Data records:
----

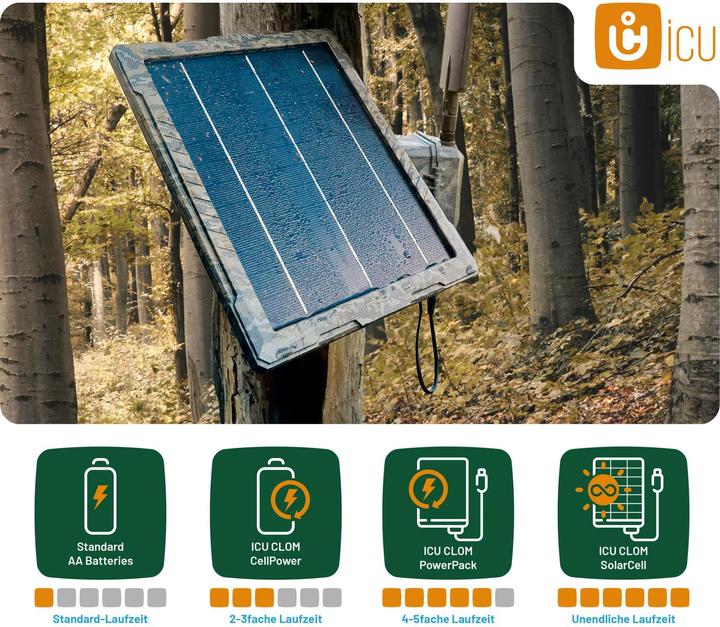 Image du produit ICUserver Clom Cam 5 Caméra de chasse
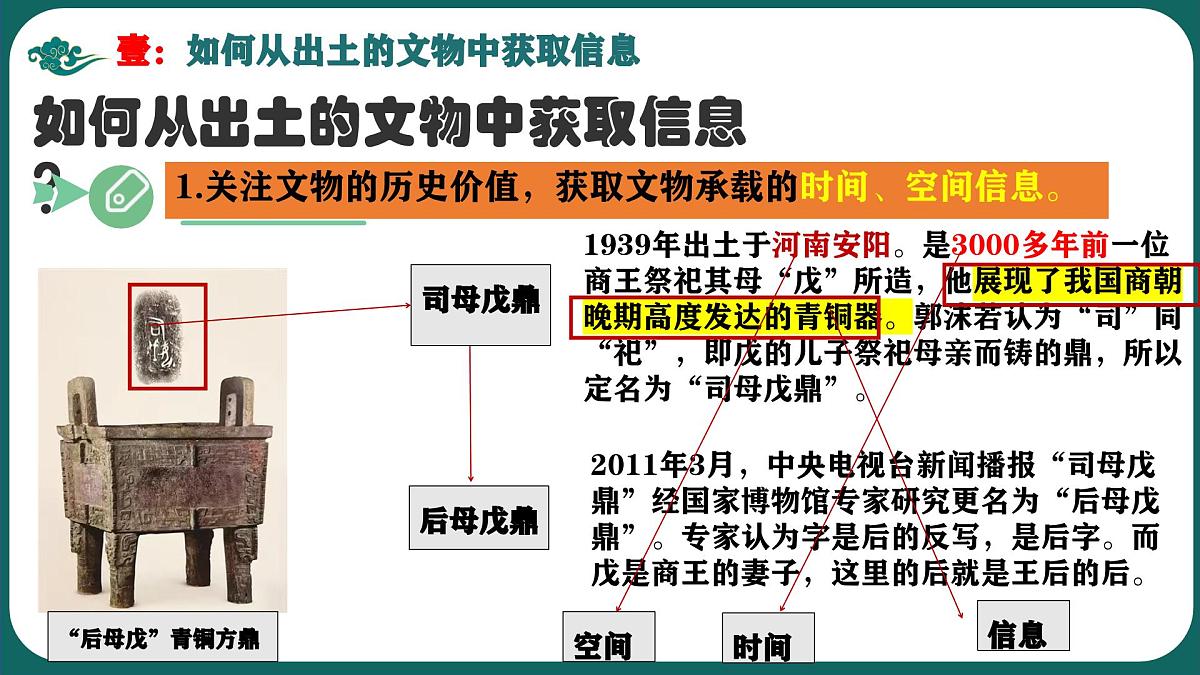 2024版人教版新教材：七年上册学史方法汇总 课件第5页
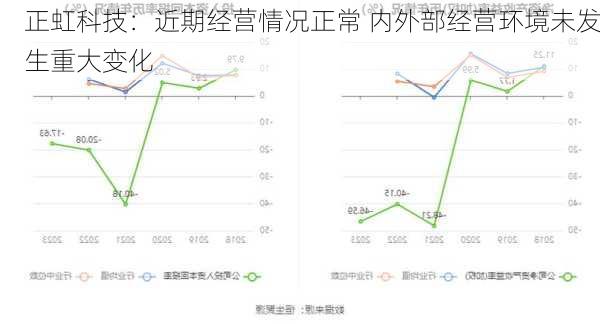 正虹科技：近期经营情况正常 内外部经营环境未发生重大变化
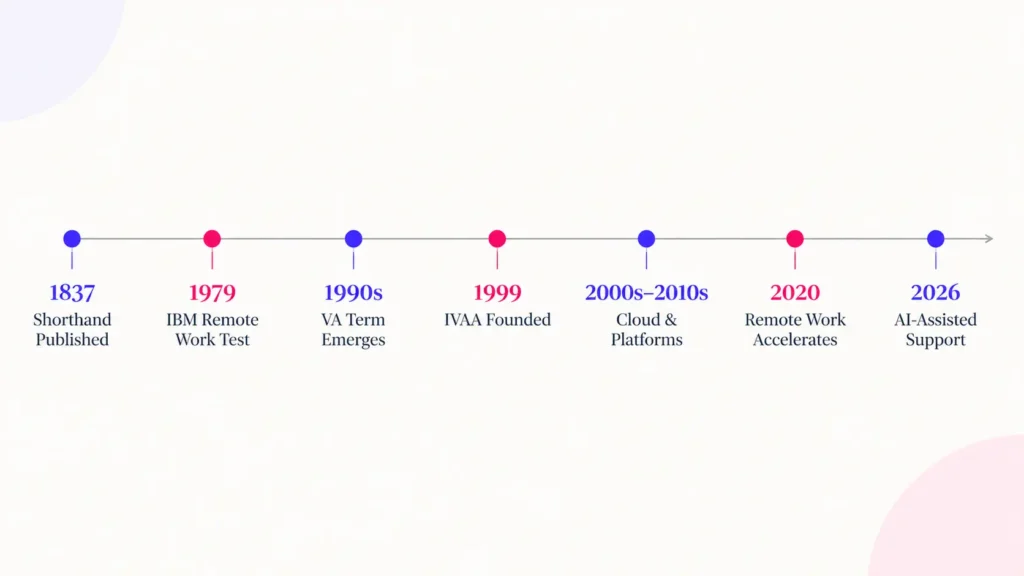 Timeline of key milestones in the history of virtual assistants and remote administrative work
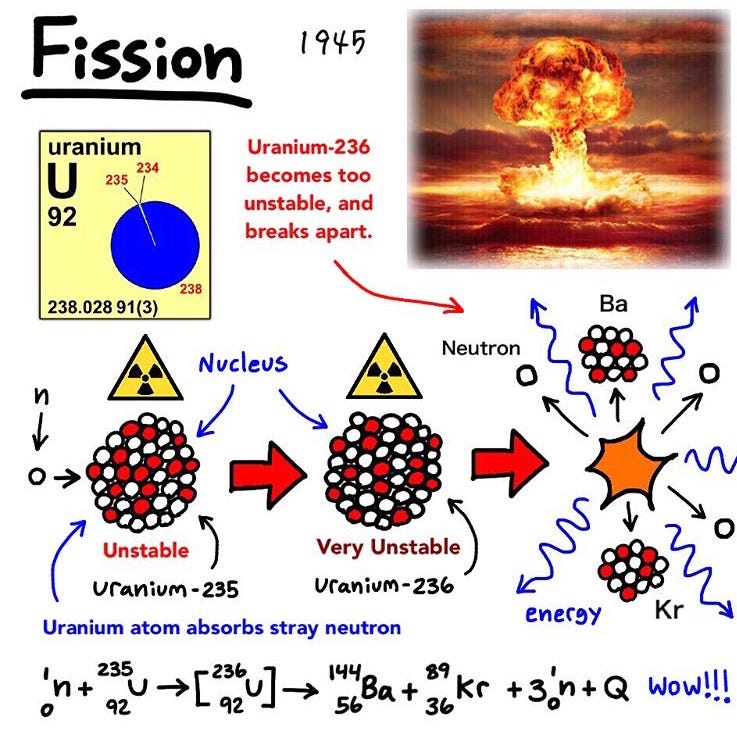 How does nuclear energy works?. Nuclear energy has been the on the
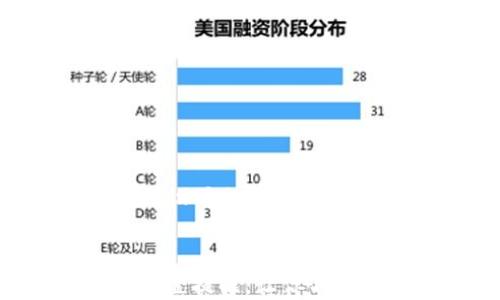 
  Tokenim如何设置提醒，让你不错过重要信息


Tokenim如何设置提醒，让你不错过重要信息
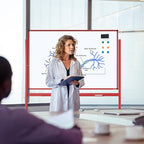 TSJ OFFICE Large Rolling Whiteboard - Image 7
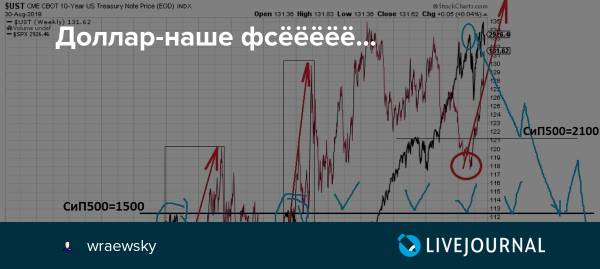 https://upforme.ru/uploads/001a/1f/30/18/t343988.jpg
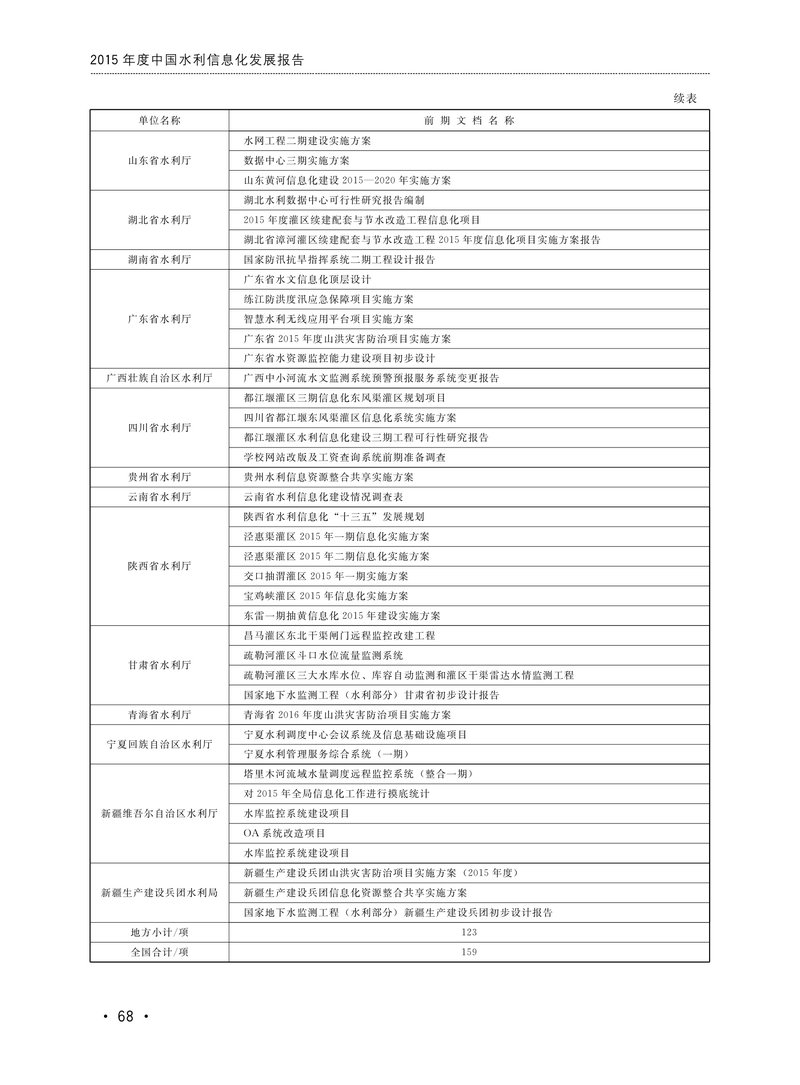 Document 47b9f919-702b-40a7-9078-0585c5974338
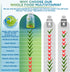 Vegan Whole Food Multivitamin Without Iron, Daily Multivitamin for Women and Men, Made with Fruits & Vegetables, 180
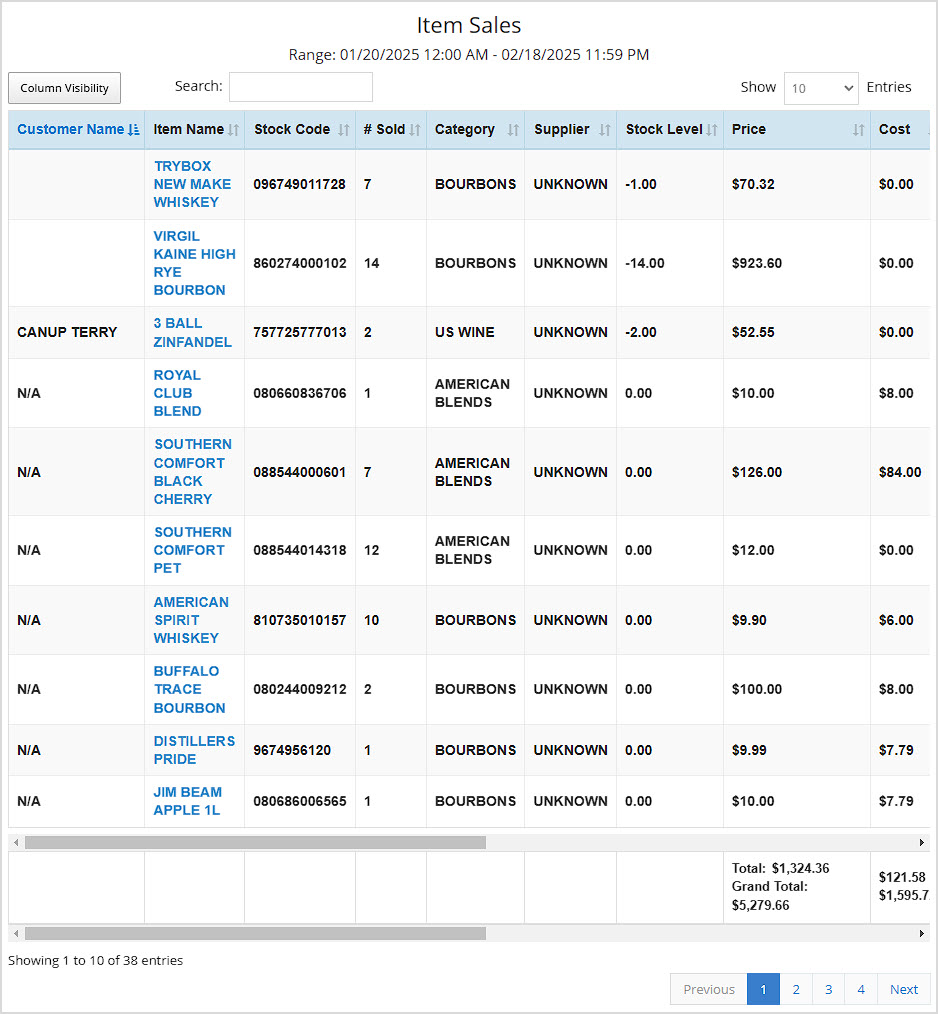Image showing the Item Sales report of the Bottle POS Admin.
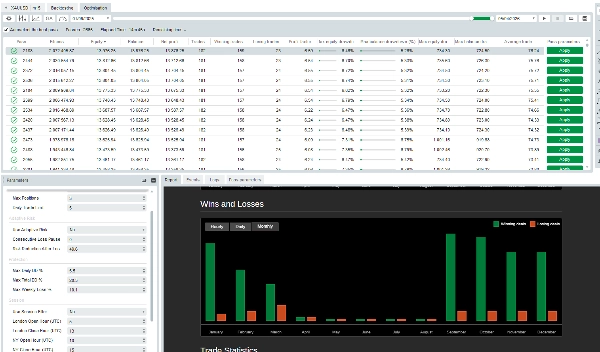 "SMC ALGO FX" uploaded image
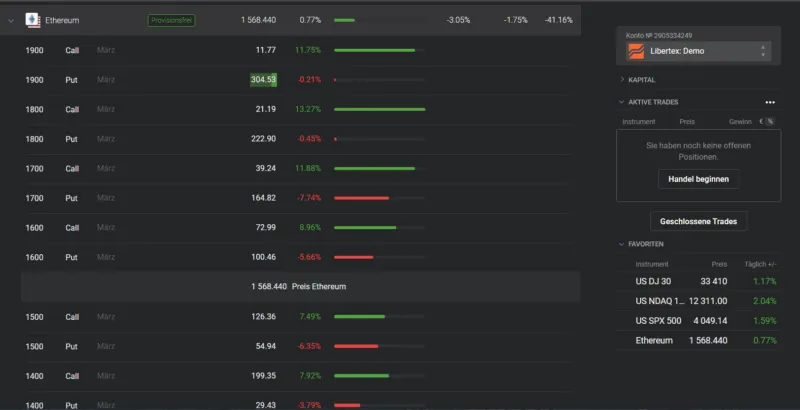 Ethereum Optionen Libertex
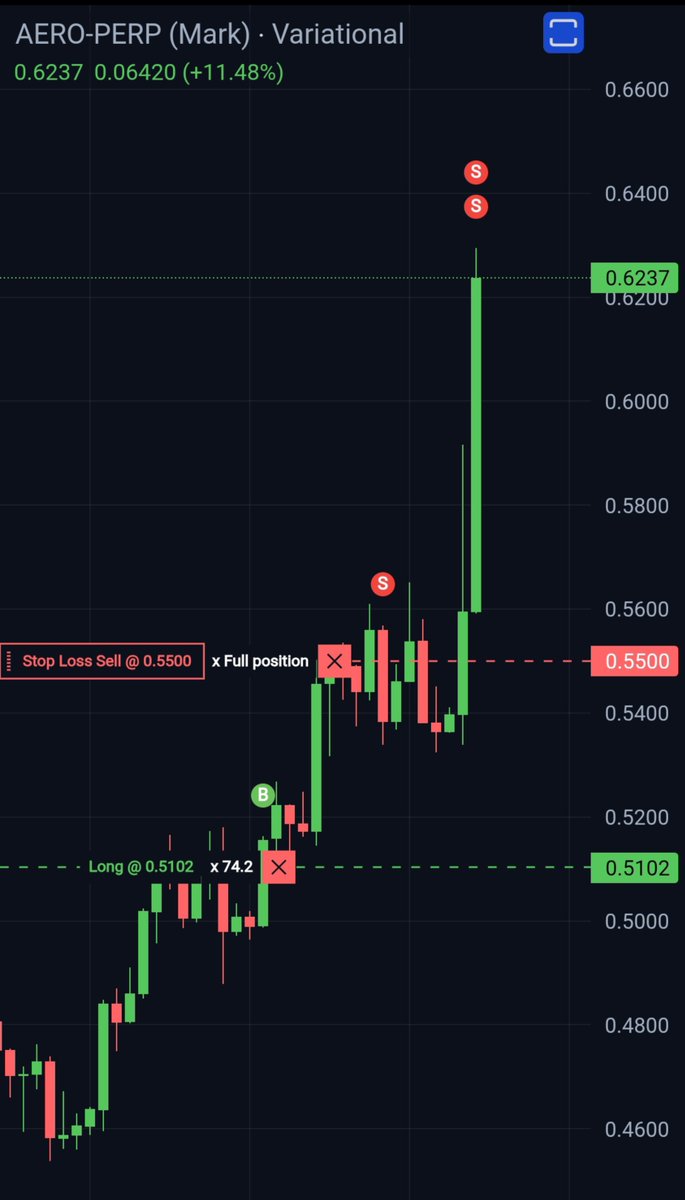 Dhruv_Sniper's tweet photo. Happy Monday!!

Going to sleep with some beautiful gains from The Leverage Club trading group.

As mentioned in my last tweet, we bought 1 Daily Momentum pick from the Crypto tickers.

That pick was $AERO.
Entry: ~$0.51 on September 5th.

3 days later, $AERO is trading at $0.62+, giving 22%+ gains in Spot.

I personally booked 66.44% gains on this trade.

Still holding a very small portion. Majority of the position has already been booked.

I was even ADLed by @variational_io yesterday, which you can see in the first Sell Mark.

Current holdings:
$SNDK
$MU
$INTC
$AERO

Mostly small portions now, with the majority already booked.

New positions update:
Added Longs in 3 US stocks and a Short in a well-known US IT stock.

More updates soon.

#NFA #DYOR

Research & Screening:
Have employed Supervisor Agent on @tread_fi to scan me tickers which fulfills my daily momentum trading strategy. 

Updates from the Agent will be coming from tomorrow, post daily candle close.
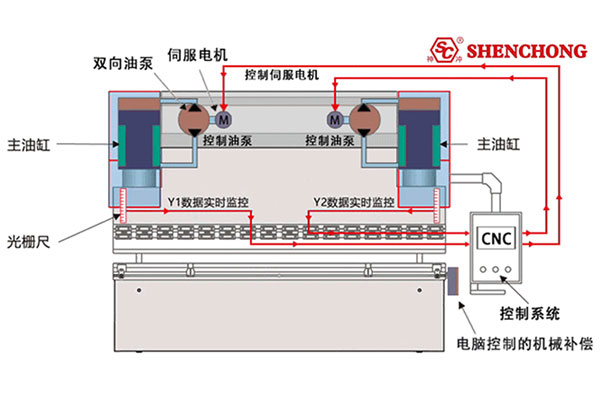 油電混合原理圖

----

Pick out every line above that holds the word "Tokenim如何设置提醒" and copy it.

Reply to the task:
  Tokenim如何设置提醒，让你不错过重要信息
Tokenim如何设置提醒，让你不错过重要信息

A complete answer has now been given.